Data items:
-------------------------

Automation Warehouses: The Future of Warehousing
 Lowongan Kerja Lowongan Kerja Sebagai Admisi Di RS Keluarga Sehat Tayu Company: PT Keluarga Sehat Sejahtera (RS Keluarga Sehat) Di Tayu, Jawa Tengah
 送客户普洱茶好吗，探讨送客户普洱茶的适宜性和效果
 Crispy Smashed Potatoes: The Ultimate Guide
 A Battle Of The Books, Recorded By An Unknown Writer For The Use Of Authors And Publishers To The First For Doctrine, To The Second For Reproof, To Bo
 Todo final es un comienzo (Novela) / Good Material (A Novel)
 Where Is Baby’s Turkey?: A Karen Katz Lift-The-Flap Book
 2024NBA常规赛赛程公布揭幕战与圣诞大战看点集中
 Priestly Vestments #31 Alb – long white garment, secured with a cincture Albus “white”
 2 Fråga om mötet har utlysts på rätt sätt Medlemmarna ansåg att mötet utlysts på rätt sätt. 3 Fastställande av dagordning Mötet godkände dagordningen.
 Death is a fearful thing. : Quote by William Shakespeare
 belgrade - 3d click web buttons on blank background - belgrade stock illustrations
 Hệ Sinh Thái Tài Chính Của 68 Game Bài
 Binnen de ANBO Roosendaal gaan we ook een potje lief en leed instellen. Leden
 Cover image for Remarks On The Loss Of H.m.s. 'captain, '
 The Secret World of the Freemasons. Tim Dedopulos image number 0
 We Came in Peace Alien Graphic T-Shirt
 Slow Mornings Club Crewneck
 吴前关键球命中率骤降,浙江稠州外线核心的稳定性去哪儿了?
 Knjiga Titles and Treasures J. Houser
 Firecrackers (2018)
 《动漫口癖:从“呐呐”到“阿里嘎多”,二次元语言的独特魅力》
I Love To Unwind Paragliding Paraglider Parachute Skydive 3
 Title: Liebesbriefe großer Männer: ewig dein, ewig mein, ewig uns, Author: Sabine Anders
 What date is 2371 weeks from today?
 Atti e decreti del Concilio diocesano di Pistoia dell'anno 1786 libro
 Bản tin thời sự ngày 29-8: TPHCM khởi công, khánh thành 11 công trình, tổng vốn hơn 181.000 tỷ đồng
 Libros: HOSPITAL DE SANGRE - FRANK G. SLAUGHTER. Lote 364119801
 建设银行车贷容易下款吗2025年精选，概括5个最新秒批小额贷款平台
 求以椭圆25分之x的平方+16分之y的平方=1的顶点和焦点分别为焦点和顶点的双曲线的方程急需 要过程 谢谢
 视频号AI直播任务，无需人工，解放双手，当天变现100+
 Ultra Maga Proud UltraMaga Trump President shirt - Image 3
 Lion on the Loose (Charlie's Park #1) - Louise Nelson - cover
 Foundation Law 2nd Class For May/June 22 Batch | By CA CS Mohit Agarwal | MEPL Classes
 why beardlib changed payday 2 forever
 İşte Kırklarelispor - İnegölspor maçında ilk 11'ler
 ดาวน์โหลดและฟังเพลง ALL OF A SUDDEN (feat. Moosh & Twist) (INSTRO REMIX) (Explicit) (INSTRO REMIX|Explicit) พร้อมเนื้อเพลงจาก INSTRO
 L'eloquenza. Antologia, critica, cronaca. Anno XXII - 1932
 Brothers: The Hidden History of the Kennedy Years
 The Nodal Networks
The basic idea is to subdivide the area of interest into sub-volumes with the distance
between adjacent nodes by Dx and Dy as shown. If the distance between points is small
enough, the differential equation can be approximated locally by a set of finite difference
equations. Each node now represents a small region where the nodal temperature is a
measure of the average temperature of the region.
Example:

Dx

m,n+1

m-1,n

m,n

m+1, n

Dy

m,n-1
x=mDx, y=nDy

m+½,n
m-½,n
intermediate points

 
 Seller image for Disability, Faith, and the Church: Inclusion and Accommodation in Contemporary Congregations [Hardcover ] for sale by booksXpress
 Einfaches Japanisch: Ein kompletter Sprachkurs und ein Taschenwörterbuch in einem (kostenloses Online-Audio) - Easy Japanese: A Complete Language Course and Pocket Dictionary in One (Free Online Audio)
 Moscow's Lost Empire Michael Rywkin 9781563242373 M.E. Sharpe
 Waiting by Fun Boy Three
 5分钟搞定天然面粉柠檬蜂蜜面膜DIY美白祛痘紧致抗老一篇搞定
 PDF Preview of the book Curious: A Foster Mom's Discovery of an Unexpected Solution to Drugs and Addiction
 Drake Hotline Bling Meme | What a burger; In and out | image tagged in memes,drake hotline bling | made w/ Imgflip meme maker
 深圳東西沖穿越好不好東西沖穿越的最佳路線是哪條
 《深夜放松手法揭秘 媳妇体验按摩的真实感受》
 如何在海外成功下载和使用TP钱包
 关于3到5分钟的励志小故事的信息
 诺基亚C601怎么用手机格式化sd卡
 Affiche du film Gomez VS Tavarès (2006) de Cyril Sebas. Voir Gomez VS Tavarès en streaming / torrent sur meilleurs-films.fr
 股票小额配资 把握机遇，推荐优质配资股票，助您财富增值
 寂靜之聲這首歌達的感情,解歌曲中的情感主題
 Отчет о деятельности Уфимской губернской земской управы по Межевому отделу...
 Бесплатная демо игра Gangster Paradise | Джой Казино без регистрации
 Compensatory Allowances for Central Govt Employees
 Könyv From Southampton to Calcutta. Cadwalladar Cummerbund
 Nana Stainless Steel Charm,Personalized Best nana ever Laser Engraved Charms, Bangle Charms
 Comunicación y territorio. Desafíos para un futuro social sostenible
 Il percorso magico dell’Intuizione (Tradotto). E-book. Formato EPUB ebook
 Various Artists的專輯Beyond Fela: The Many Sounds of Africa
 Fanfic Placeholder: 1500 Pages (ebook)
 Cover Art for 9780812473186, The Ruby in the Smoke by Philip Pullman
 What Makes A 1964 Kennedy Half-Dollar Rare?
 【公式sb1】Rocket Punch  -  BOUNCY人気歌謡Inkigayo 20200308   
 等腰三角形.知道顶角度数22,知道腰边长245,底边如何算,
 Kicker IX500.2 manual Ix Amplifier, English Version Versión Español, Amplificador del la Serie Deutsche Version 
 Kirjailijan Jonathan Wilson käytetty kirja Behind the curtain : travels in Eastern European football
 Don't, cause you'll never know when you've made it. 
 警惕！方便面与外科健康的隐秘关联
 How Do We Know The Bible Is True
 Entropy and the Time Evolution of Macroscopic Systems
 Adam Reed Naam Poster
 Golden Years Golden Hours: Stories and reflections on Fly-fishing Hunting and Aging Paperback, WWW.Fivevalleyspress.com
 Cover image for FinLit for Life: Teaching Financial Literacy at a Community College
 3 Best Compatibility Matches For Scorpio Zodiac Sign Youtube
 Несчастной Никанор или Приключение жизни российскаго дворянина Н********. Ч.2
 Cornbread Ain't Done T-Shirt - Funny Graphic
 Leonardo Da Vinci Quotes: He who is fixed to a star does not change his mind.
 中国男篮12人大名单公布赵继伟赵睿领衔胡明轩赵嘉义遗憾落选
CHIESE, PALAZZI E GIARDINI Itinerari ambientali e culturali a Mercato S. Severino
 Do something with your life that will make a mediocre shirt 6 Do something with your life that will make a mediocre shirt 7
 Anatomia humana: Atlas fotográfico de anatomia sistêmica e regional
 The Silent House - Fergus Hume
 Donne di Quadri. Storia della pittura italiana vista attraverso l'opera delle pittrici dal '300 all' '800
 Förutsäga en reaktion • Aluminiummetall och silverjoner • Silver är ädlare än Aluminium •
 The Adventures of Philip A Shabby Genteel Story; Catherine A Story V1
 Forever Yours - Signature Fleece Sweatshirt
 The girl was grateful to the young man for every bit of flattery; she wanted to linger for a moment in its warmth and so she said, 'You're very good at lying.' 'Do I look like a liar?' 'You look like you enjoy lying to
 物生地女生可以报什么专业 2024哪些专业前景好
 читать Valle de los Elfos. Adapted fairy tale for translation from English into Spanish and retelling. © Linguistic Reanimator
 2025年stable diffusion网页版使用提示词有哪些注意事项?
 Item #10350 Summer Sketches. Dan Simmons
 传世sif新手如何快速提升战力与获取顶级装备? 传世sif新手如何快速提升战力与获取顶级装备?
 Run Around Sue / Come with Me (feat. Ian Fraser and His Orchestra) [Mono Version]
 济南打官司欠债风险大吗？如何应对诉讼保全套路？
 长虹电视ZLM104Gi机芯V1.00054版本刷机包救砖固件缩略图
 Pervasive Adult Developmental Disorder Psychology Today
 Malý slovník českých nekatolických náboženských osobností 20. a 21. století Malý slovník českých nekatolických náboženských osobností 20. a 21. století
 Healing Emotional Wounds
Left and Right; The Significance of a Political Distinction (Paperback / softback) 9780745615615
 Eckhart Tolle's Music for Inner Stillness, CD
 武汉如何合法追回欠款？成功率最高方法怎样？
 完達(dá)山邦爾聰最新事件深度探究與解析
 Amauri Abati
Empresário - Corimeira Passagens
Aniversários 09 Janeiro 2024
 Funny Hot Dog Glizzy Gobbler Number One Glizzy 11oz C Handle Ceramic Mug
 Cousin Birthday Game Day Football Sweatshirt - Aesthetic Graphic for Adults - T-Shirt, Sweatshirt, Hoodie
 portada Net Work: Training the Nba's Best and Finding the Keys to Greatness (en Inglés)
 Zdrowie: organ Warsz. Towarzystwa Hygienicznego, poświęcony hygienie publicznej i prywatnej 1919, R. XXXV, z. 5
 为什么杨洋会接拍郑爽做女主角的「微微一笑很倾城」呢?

-------------------------

Retype the entries above exactly, but only from the line containing "Funny Hot Dog" through the line containing "Zdrowie: organ Warsz.", both included.

Expected answer:
 Funny Hot Dog Glizzy Gobbler Number One Glizzy 11oz C Handle Ceramic Mug
 Cousin Birthday Game Day Football Sweatshirt - Aesthetic Graphic for Adults - T-Shirt, Sweatshirt, Hoodie
 portada Net Work: Training the Nba's Best and Finding the Keys to Greatness (en Inglés)
 Zdrowie: organ Warsz. Towarzystwa Hygienicznego, poświęcony hygienie publicznej i prywatnej 1919, R. XXXV, z. 5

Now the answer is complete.